As regards the shape of the fin collar 2, a re-flared portion 3 and a root portion 4 are each provided with an arc-shaped bend and each have a radius of R1 and R2, respectively; a thickness Tw1 of the re-flared portion 3 is formed to be smaller than a thickness Tw2 of the root portion 4; and a ratio (Tw1/R1) of the thickness Tw1 to the radius R1 of the bend of the re-flared portion 3 is one half or more of a ratio (Tw2/R2) of the thickness Tw2 to the radius R2 of the bend of the root portion 4. Note that an intermediate portion 5, whose outer surface side is flat, is provided between the bend of the re-flared portion 3 and that of the root portion 4. As a whole, a substantially J-shape fin is formed.

In this case, when the radius R1 of the bend of the re-flared portion 3 of the fin collar 2 is formed larger than the radius R2 of the bend of the root portion 4, then, after the expansion of the heat transfer tube 10, a contact area of a root portion 4 of the fin collar 2 of the fin 1 at the front and a re-flared portion 3 of the fin collar 2 of the fin 1 at the back is increased and thermal contact resistance is reduced; thus, heat exchange capacity is increased.

FIGS. 3 and 4 are diagrams each illustrating a relationship between the relationship and the heat exchanger effectiveness, the relationship being between the thickness Tw1 and the radius R1 of the bends of the re-flared portion 3 of the fin collar 2 and between the thickness Tw2 and the radius R2 of the root portion 4 of the fin collar 2.

The radius R1 of the bend of the re-flared portion 3 of the fin collar 2 has a close relationship with the thickness Tw1 of the re-flared portion 3; accordingly, when the radius R1 of the bend of the re-flared portion 3 is to be increased, the thickness Tw1 of the re-flared portion 3 also needs to be increased.
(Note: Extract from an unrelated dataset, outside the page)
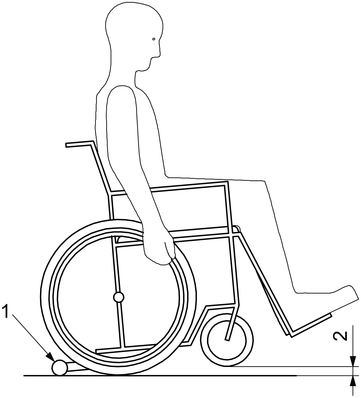 361x398 Iso 7176 52008(En), Wheelchairs Part 5 Determination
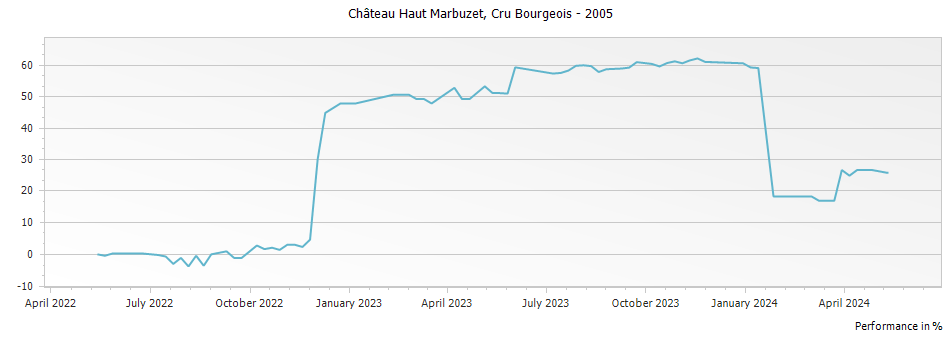 Graph for Chateau Haut Marbuzet Saint Estephe Cru Bourgeois – 2005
If the thickness Tw1 of the re-flared portion 3 is small when the radius R1 of the bend of the re-flared portion 3 of the fin collar 2 is large, stress will concentrate on the re-flared portion 3, and the contact pressure between the intermediate portion 5 and the heat transfer tube 10 will drop. Accordingly, thermal contact resistance will increase and heat exchange capacity will drop.

Furthermore, when the ratio (Tw1/R1) of the thickness Tw1 to the radius R1 of the bend of the re-flared portion 3 of the fin collar 2 is one half or less of the ratio (Tw2/R2) of the thickness Tw2 to the radius R2 of the bend of the root portion 4, then the contact pressure between the root portion 4 of the fin collar 2 of the fin 1 at the front and the re-flared portion 3 of the fin collar 2 of the fin 1 at the back will drop. Accordingly, the contact pressure between the intermediate portion 5 of the fin collar 2 and the heat transfer tube 10 will drop and the thermal contact resistance will increase, leading to drop in heat exchange capacity.
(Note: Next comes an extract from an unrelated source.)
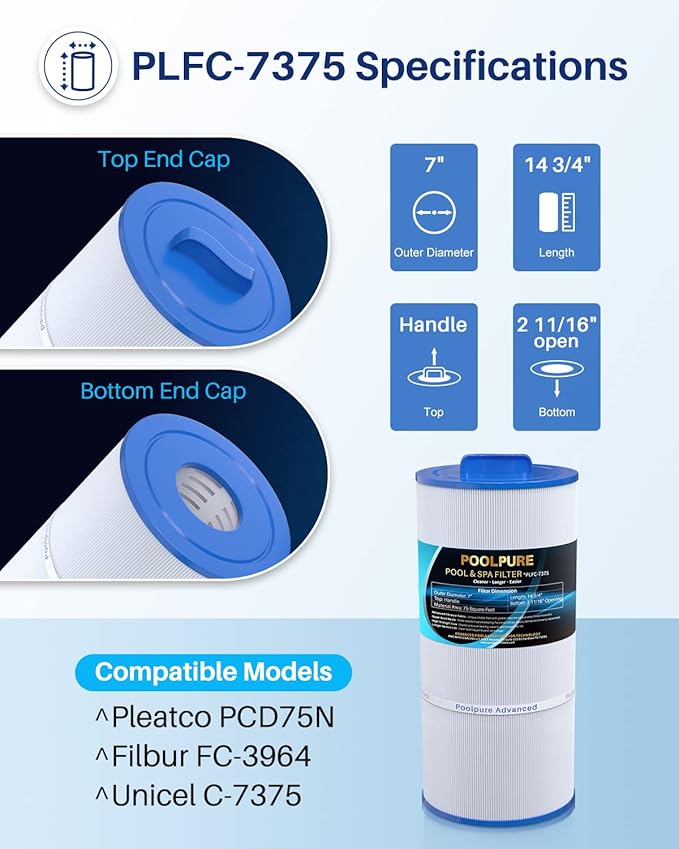 POOLPURE C-7375 Spa Filter Replaces PCD75N, Unicel C-7375, Filbur FC-3964, 1019301, AK-60032, APCC7500, 17543, 75 sqft Filter Cartridge (1)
Therefore, it is desirable that the ratio (Tw1/R1) of the thickness Tw1 to the radius R1 of the bend of the re-flared portion 3 of the fin collar 2 is 0.6 or larger with respect to the ratio (Tw2/R2) of the thickness Tw2 to the radius R2 of the bend of the root portion 4.

FIG. 5 is an enlarged cross-sectional view of a principal portion of a heat exchanger and a cross-sectional view of a heat transfer tube according to a second embodiment of the invention. Note that like parts as the first embodiment are designated with like reference numerals.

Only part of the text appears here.